**Available data**.
--
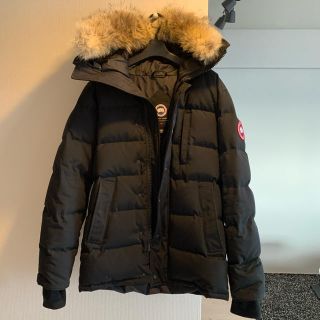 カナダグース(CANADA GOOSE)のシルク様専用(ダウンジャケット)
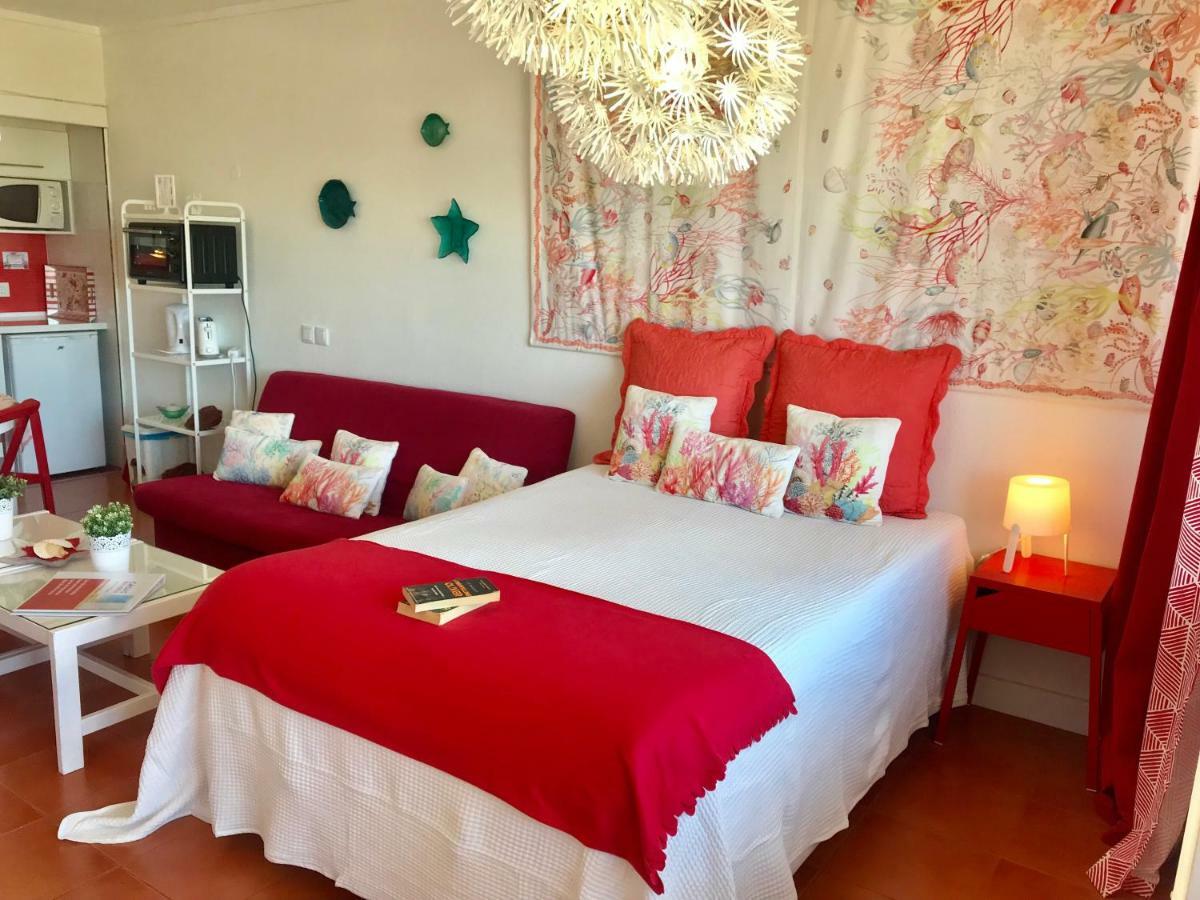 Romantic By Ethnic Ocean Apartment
--
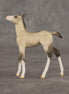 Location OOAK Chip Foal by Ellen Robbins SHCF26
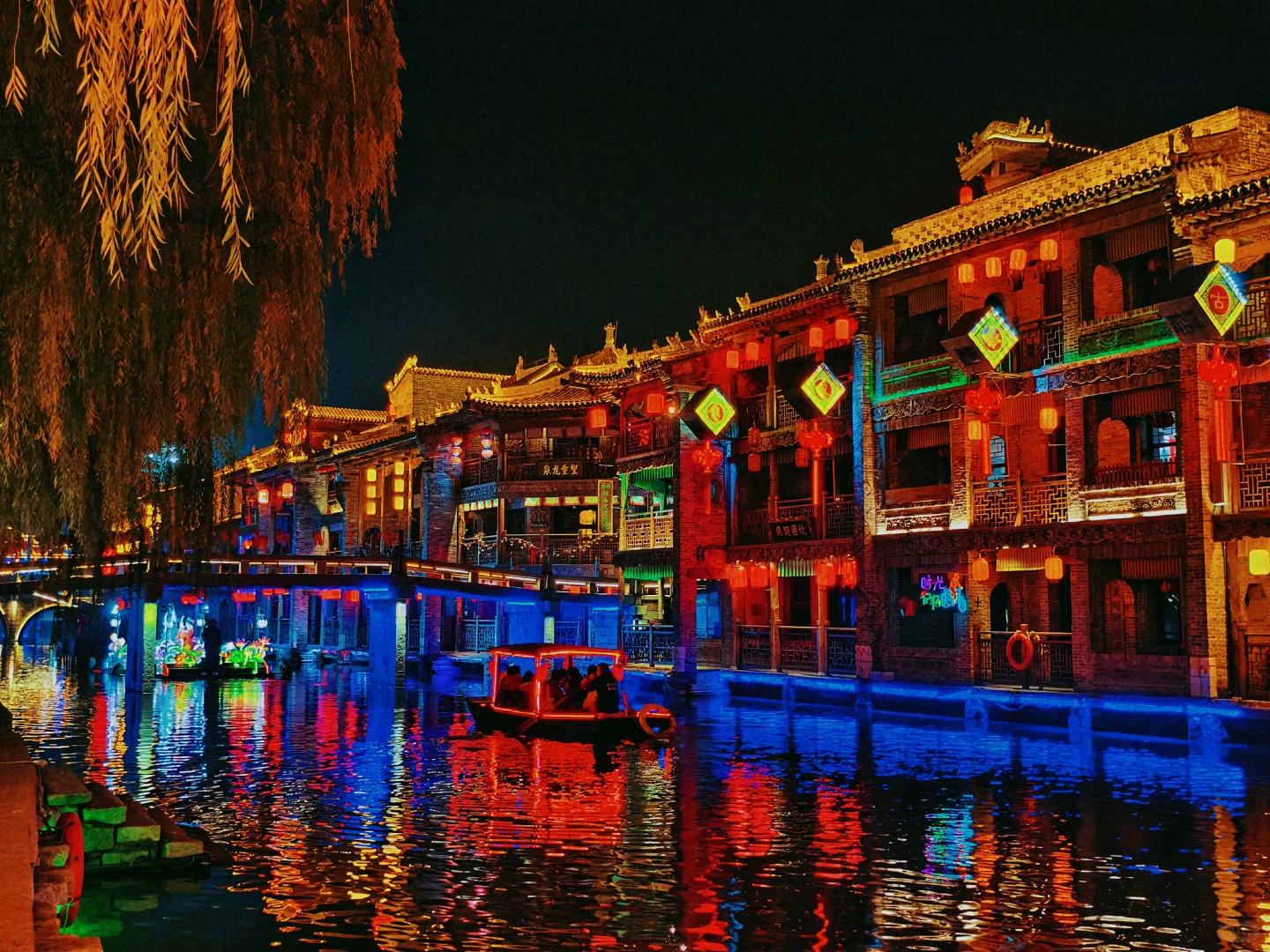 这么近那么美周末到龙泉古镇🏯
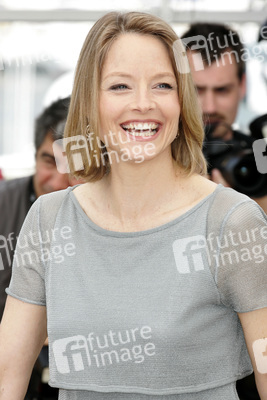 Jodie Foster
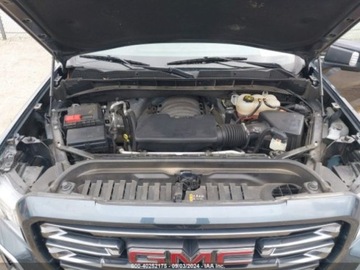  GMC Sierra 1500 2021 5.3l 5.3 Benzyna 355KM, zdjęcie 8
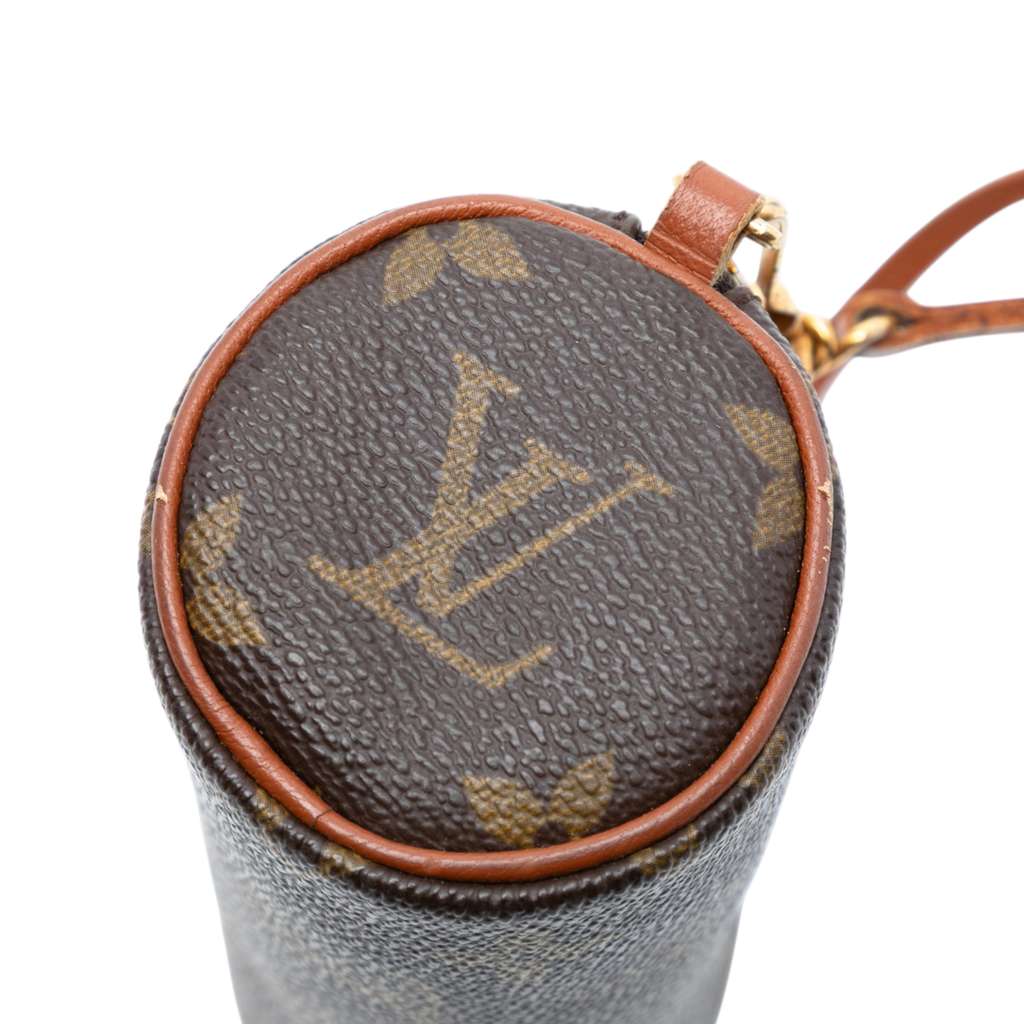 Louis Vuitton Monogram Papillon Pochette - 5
--
**Instructions for the task**. Could the stretch from the line with "Location OOAK Chip" through the line with "Louis Vuitton Monogram Papillon Pochette - 5" in the listing above be restated word for word, minus the pictures?

**Written response**.
 Location OOAK Chip Foal by Ellen Robbins SHCF26
 这么近那么美周末到龙泉古镇🏯
 Jodie Foster
  GMC Sierra 1500 2021 5.3l 5.3 Benzyna 355KM, zdjęcie 8
 Louis Vuitton Monogram Papillon Pochette - 5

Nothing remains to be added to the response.